We learn history for a number of reasons, among them: to better understand our current times, to appreciate our heritage, to avoid repeating mistakes. There are heroes in our national history who inspire us to a love of country and duty and courage. There are heroes of our spiritual heritage who inspire us in love and dedication to God and to greater faith in remembering that the God they served and loved and Who provided for and used them is the very same God we love and serve today and Who will provide for us and use us. Though times and culture change, human nature at its core doesn’t change much, and God never changes.
An idea came to mind a few days ago to share some of the things I’ve read about these “heroes of the faith” in hopes that they would in turn encourage you. I thought for the next week or so I would post a series about answers to prayer. As I’ve thought back through some of the other things I’ve learned and been blessed by through reading missionary biographies, I’ve come across other anecdotes I’d love to share; but I decided for now it would be best to stick with the original idea.
The following poem is recorded in the front of Rosalind Goforth’s, book, Climbing, and it illustrates my viewpoint in reading missionary biographies. The author is unknown.
If you have gone a little way ahead of me, call back-
It will cheer my heart and help my feet along the stony track;
And if, perchance, Faith’s light is dim, because the oil is low,
Your call will guide my lagging course as wearily I go.

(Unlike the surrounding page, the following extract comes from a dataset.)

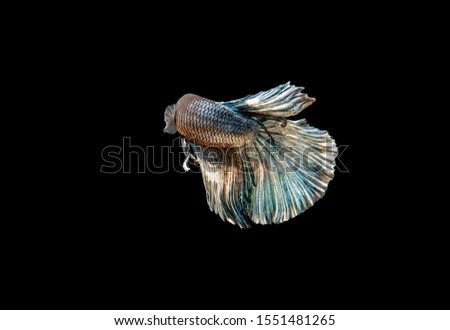 Siamese fighting fish, color of gray and white or called half moon betta fish, isolated on black background with clipping path.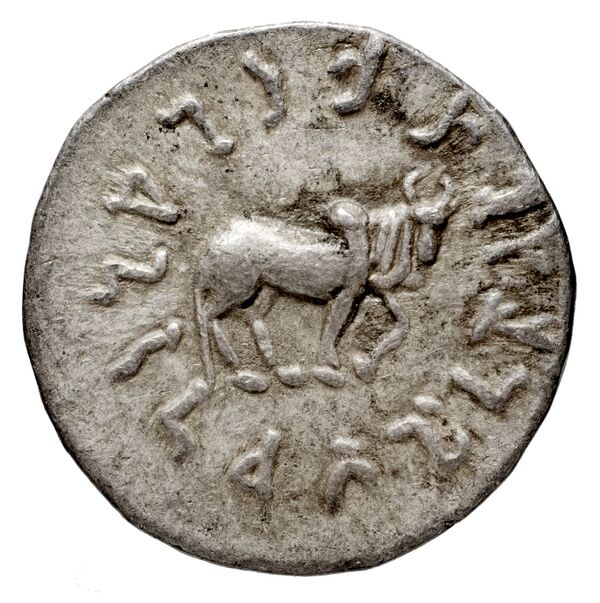 Bactrian and Indo-Greek Coinage Apollodotus I 2, реверс, bnf-bigr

Call back, and tell me that He went with you into the storm;
Call back, and say He kept you when forest’s roots were torn;
That when the heavens thunder and the earthquake shook the hill.
He bore you up and held where the very air was still.
O friend, call back, and tell me for I cannot see your face;
They say it glows with triumph, and your feet bound in the race;
But there are mists between us and my spirit eyes are dim,
And I cannot see the glory, though I long for word of Him.
But if you’ll say He heard you when your prayer was but a cry,
And if you’ll say He saw you through the night’s sin-darkened sky-
If you have gone a little way ahead, O friend, call back-
It will cheer my heart and help my feet along the stony track.